__Work request__
Without the images, set down each entry exactly.

__Data in this exercise__
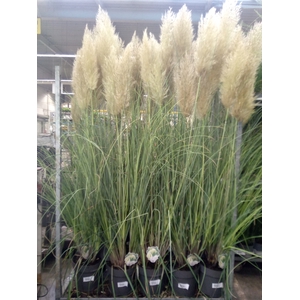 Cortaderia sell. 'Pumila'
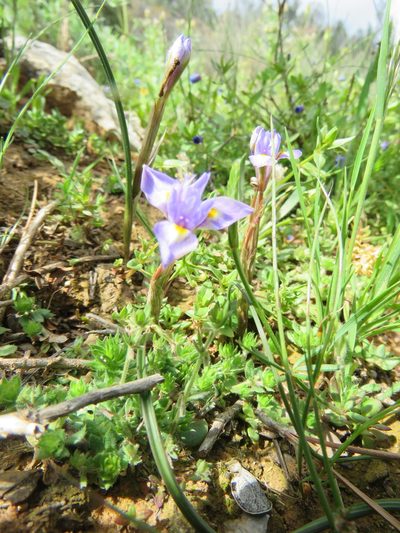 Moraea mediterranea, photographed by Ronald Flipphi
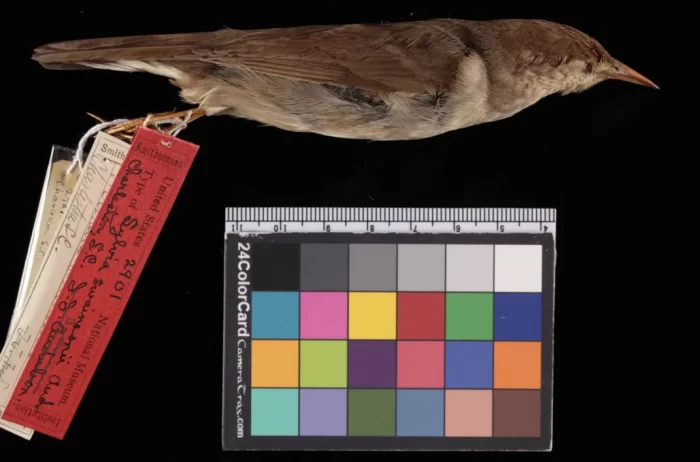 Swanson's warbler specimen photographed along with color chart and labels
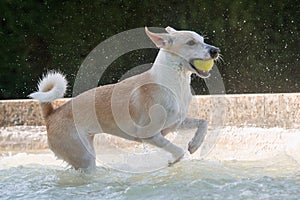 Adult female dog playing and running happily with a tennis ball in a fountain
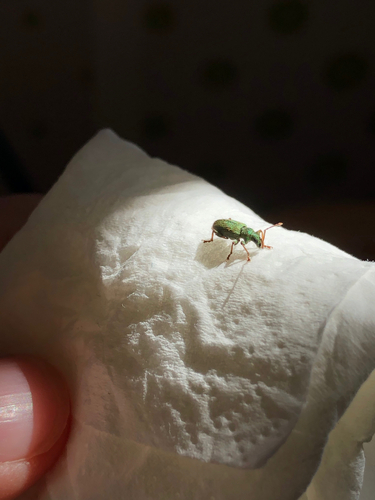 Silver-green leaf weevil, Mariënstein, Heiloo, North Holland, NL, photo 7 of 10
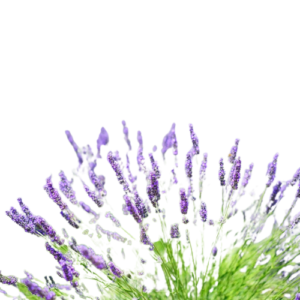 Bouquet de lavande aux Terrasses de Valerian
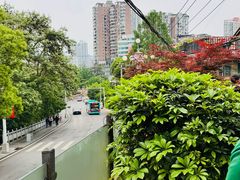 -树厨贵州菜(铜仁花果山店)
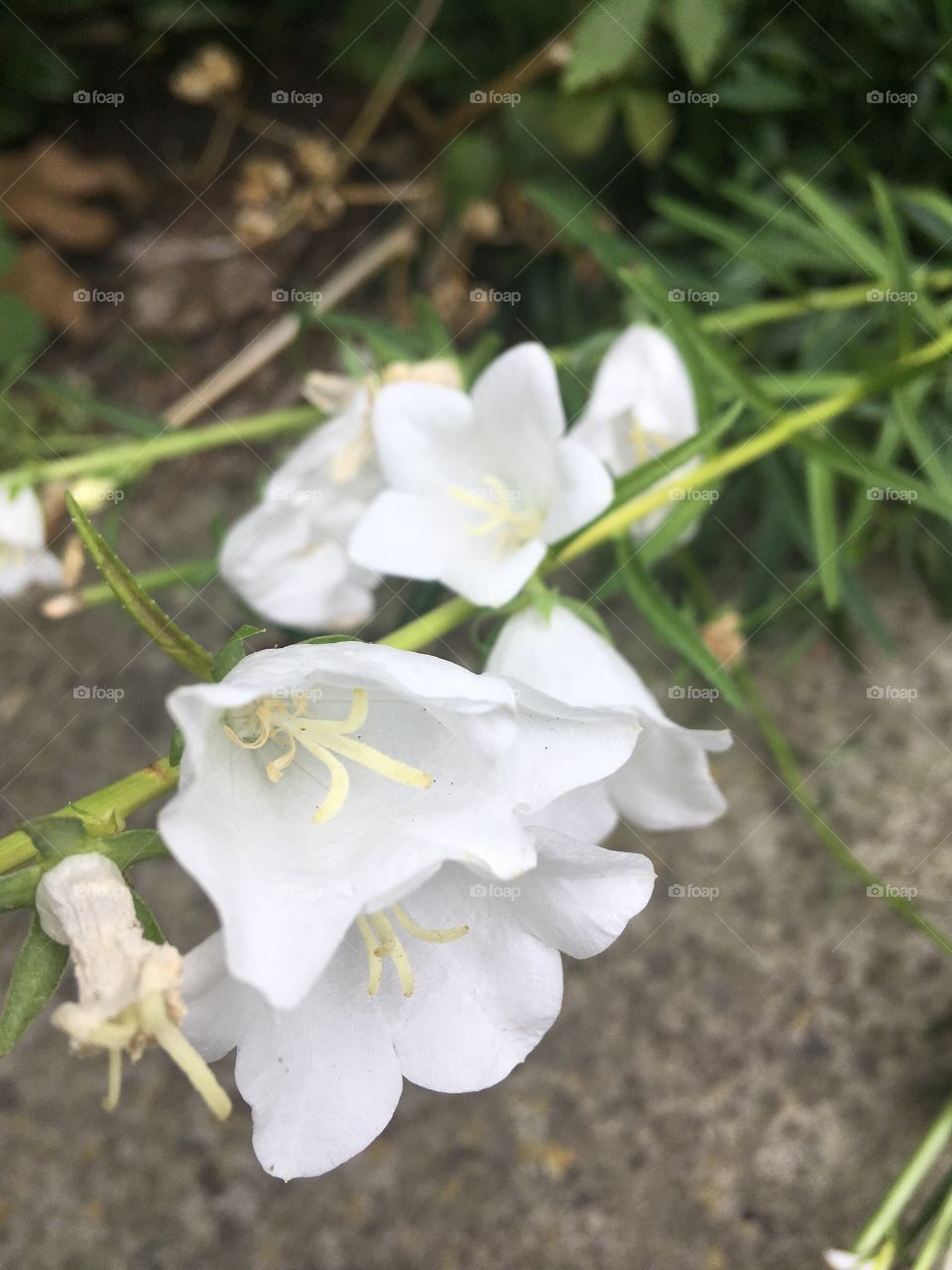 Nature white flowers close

__Solution for this exercise__
 Cortaderia sell. 'Pumila'
 Moraea mediterranea, photographed by Ronald Flipphi
 Swanson's warbler specimen photographed along with color chart and labels
 Adult female dog playing and running happily with a tennis ball in a fountain
 Silver-green leaf weevil, Mariënstein, Heiloo, North Holland, NL, photo 7 of 10
 Bouquet de lavande aux Terrasses de Valerian
 -树厨贵州菜(铜仁花果山店)
 Nature white flowers close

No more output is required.